A bit of web-scraping with Cheerio

17 Feb 2025

I had an idea for a little holiday project that required a list of episodes from The Rest Is History podcast. On their ‘Episodes’ page, they have a player, and a list of post entries for the most recent eighteen podcasts. There is a ‘show all’ button, but it doesn’t work.

The player does contain the full list of episodes (about 600) including a number of duplicates, so I expected if I inspected the network calls that I’d see a JSON package arriving with what I wanted. This is what I almost always find these days so I’ve had very little call to do any real web scraping - it’s normally just a matter of locating the endpoint and perhaps extracting an API key from a header.

So the list must be in the HTML - let’s have a look. This is a big file (4000 lines formatted) with a lot of divs and jQuery, but here’s our

The list is nicely named with a unique class (which I’ve highlighted above), so this is going to be a simple job, and therefore a good demo.

We might just dive into the code then pull it apart.

function enumeratePlaylist(html) {
  // Load the HTML into cheerio
  const $ = cheerio.load(html);

  // Find all list items within the playlist
  const $playlistItems = $("ul.sm2-playlist-bd li");
  if ($playlistItems.length === 0) {
    console.warn("Warning: No playlist items found");
    return;
  }

  console.log(`Info: Found ${$playlistItems.length} items in playlist`);

  // Process each playlist item
  for (const item of $playlistItems) {
    const title = $(item).find("a").text().trim();
    const link = $(item).find("a").attr("href");

    if (!title || !link) {
      console.warn("Warning: Skipping item with missing title or link");
      continue;
    }

    outputEpisode(title, link);
  }
}

Cheerio is a library often used for this purpose, if you’re familiar with jQuery which is used to manipulate the DOM on the browser side, it’s not unreasonable to think of Cheerio as the same thing running in the server. In fact, a lot of the conventions established by jQuery are brought over to Cherio which brings us to our first code snippet.

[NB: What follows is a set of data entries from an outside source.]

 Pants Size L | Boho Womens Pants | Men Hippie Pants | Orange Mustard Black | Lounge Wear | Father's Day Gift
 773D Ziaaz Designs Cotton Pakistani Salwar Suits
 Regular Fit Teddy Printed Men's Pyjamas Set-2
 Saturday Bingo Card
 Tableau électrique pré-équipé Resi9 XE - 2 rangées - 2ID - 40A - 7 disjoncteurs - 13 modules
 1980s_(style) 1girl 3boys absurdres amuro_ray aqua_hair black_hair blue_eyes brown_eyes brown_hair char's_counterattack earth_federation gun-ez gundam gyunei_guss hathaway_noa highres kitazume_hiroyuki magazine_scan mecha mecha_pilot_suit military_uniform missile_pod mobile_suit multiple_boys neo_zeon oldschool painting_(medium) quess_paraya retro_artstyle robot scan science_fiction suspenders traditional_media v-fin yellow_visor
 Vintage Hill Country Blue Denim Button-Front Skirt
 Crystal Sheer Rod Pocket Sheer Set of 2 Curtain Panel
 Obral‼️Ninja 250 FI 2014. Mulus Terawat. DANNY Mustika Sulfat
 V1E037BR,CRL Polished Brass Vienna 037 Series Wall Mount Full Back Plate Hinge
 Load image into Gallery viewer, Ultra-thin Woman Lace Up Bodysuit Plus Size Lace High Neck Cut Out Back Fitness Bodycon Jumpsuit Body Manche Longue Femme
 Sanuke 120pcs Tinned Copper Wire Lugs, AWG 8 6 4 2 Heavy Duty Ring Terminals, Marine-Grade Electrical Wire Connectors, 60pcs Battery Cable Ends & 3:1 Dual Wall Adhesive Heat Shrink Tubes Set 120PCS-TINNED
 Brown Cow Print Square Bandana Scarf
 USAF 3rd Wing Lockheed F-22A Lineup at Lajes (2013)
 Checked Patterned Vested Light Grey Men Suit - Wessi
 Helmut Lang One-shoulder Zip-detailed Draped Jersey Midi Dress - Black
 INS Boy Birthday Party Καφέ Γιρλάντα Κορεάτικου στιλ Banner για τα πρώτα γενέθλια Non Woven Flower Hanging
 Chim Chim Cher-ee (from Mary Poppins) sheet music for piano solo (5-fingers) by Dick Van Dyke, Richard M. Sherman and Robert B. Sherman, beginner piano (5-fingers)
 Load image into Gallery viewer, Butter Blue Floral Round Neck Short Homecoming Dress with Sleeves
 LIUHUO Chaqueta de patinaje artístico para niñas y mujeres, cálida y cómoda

  const $ = cheerio.load(html);

‘html’ is just the HTML we’ve fetched into a string, and here we’re initialising a cheerio object with it and assigning it to a variable named ‘$’. If this is the first time you are encountering this, if would be reasonable to be affronted by this variable name - but this is the convention, so roll with it.

In jQuery, we just have one ‘$’ - the document we’re in, but in Cheerio working on the server we might want to load multiple - hence the load step that doesn’t exist in jQuery.

You can think of ‘$’ as now containing a collection of DOM elements. We can select a sub-set of them with a CSS like syntax:

  // Find all list items within the playlist
  const $playlistItems = $("ul.sm2-playlist-bd li");

In this case, we’re selecting all the list items <li> inside the unordered list <ul> with a class="sm2-playlist-bd".

The Cheerio docs do a great job of explaining the selectors, but basically you are selecting elements, classes get a period in front of them, having elements separated by spaces means you want all the descendants (as in the example above), a ‘>’ limits this to the direct descendants, and there’s a bunch of pseudo selectors such as odd, find, first etc which are used with a colon. The underlying library is css-select, so you can read all the fine details in their readme .

Notice we’ve used the ‘$’ at the start of our variable. Once again, this is the convention, but not as rigorously used for these sub-sets as the single ‘$’ is for the base Cheerio object.

Next we loop through the $playListItems and break down the HTML anchor into the title and the link texts.

    const title = $(item).find("a").text().trim();
    const link = $(item).find("a").attr("href");

Cheerio can do a bit more with the DOM - including manipulating the elements, but really we’ve explained everything you need to know for web scraping with it - it’s a very simple library to use, encapsulating some very complex code we don’t want to write - the perfect reason for using such an abstraction.

Here’s our final code:

import * as cheerio from "cheerio";

function outputEpisode(title, link) {
  console.log();
  console.log(`Title: ${title}`);
  console.log(`Link: ${link}`);
}

function enumeratePlaylist(html) {
  // Load the HTML into cheerio
  const $ = cheerio.load(html);

  // Find all list items within the playlist
  const $playlistItems = $("ul.sm2-playlist-bd li");
  if ($playlistItems.length === 0) {
    console.warn("Warning: No playlist items found");
    return;
  }

  console.log(`Info: Found ${$playlistItems.length} items in playlist`);

  // Process each playlist item
  for (const item of $playlistItems) {
    const title = $(item).find("a").text().trim();
    const link = $(item).find("a").attr("href");

    if (!title || !link) {
      console.warn("Warning: Skipping item with missing title or link");
      continue;
    }

    outputEpisode(title, link);
  }
}

async function loadHtmlFromUrl(url) {
  try {
    // Fetch the webpage content
    const response = await fetch(url);
    if (!response.ok) {
      console.error(`Error: Received ${response.status} for URL: ${url}`);
      return;
    }
    return await response.text();
  } catch (error) {
    console.error(`Error: Error fetching HTML from ${url}:`, error.message);
    return;
  }
}

async function main() {
  const url = "https://therestishistory.com/episodes/";
  console.log(`Info: Fetching HTML from: ${url}`);
  const html = await loadHtmlFromUrl(url);
  if (html) {
    enumeratePlaylist(html);
  }
}

main().catch((err) => console.error("Error:", err));